(Beginning of Data excerpt)
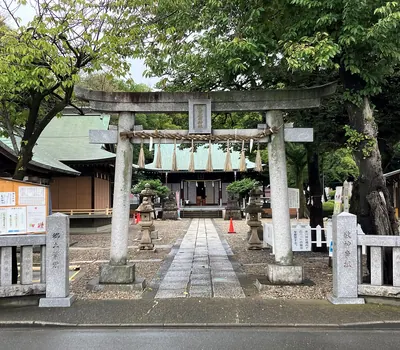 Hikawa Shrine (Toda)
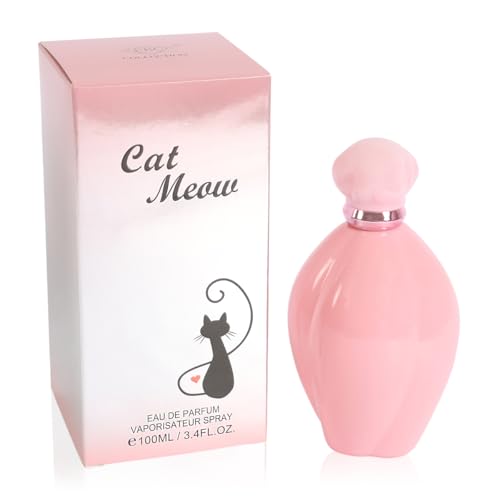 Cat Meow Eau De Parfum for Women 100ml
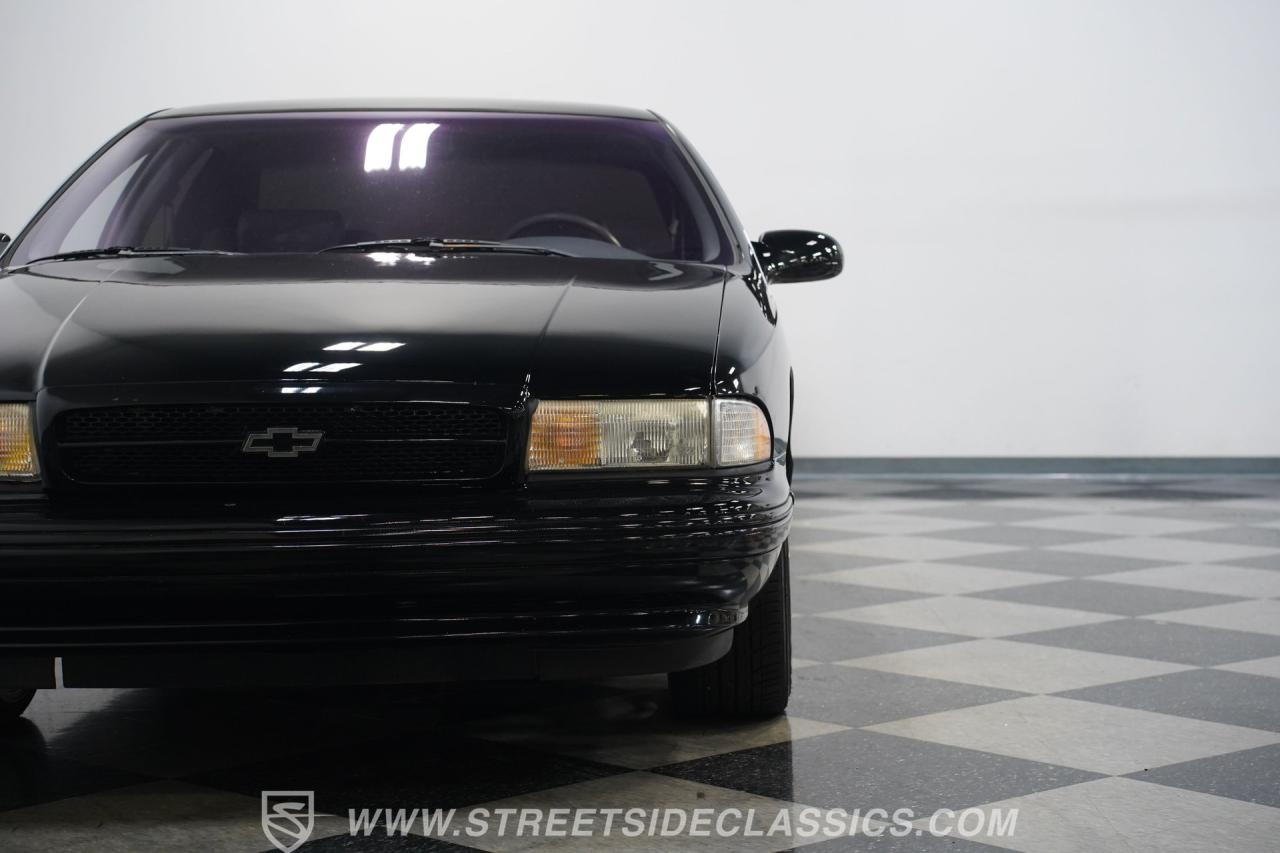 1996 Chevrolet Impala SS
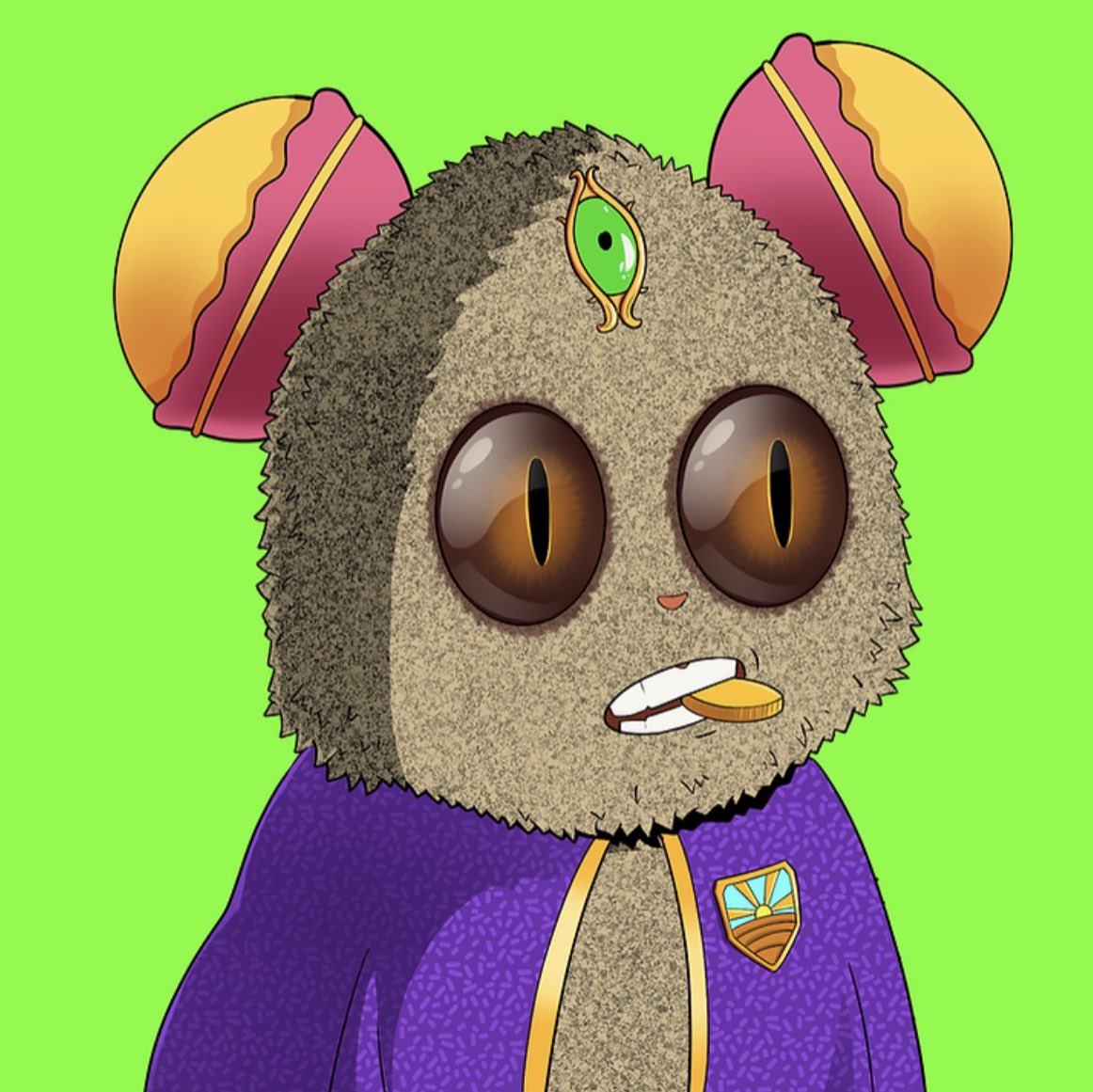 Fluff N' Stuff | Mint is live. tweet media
(End of Data excerpt)
[Directions for this task]
Repeat the data word for word. Skip the pictures.

[Answer for this exercise]
 Hikawa Shrine (Toda)
 Cat Meow Eau De Parfum for Women 100ml
 1996 Chevrolet Impala SS
 Fluff N' Stuff | Mint is live. tweet media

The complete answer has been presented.